Ketua DPR Puan Maharani meyakini jumlah masyarakat yang melakukan swab test mandiri akan meningkat meningkat saat harganya lebih terjangkau.

“Kami mengimbau pemerintah agar pelaksanaan swab test harganya bisa diturunkan, ada standarisasi harga,” kata Puan Maharani di Jakarta, Selasa (29/9).

Swab Test merupakan pemeriksaan untuk mendeteksi virus COVID-19. Tes ini disebut juga tes PCR (Polymerase Chain reaction) yaitu metode pemeriksaan dengan mengambil sample lendir yang ada di hidung atau pada bagian mulut untuk mendeteksi adanya virus.

Metode swab test lebih akurat dalam mendeteksi adanya virus di dalam tubuh dibanding metode lainnya seperti rapid test (memgambil sampel darah) atau cek suhu tubuh. Sayangnya, metode swab memang lebih rumit dan lebih berbiaya mahal dibanding dua metode tersebut.

Selain itu, tidak semua wilayah memiliki fasilitas swab test. Oleh karena itu, kata Puan, walau disesuaikan dengan tempat atau provinsi/kabupaten tertentu, tetapi kalau di daerah terkecilpun harganya bisa terjangkau masyarakat maka akan mendorong masyarakat melakukan swab mandiri.

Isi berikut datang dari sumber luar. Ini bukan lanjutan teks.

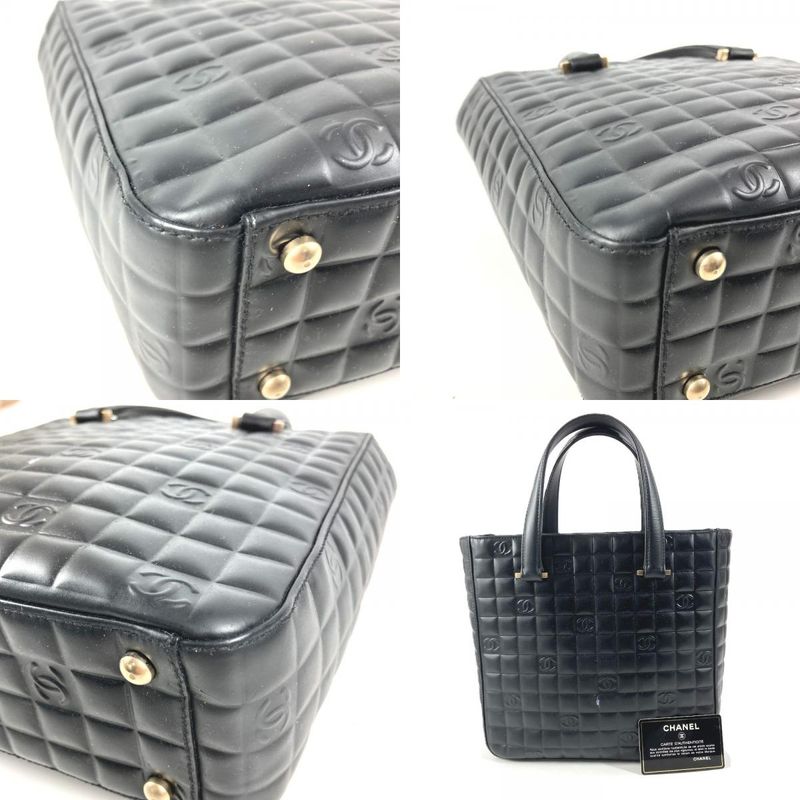 Chanel Handbag Logo CC Choco Bar Leather Black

“Kalau harganya diturunkan, ini akan mendorong masyarakat untuk melakukan swab test secara mandiri,” ungkap Puan.

Selain itu, jika tarif swab test lebih terjangkau, maka kesadaran masyarakat untuk memeriksakan dirinya akan meningkat. Selanjutnya, dengan meningkatnya kesadaran masyarakat dan meningkatnya swab test, maka pengendalian penyebaran Covid-19 dapat dilakukan dengan hasil yang lebih baik.

“Pada pemerintah, terkait tes swab yang saat ini sudah mulai dilakukan massal, kalau nanti harganya diturunkan, sehingga bisa membuat masyarakat punya kesadaran untuk tes mandiri, itu akan lebih baik,” ujar politisi dari PDI Perjuangan ini.

Puan menegaskan, penanganan pandemi Covid-19 harus dilakukan secara menyeluruh dengan koordinasi yang baik antara pemerintah pusat dan daerah.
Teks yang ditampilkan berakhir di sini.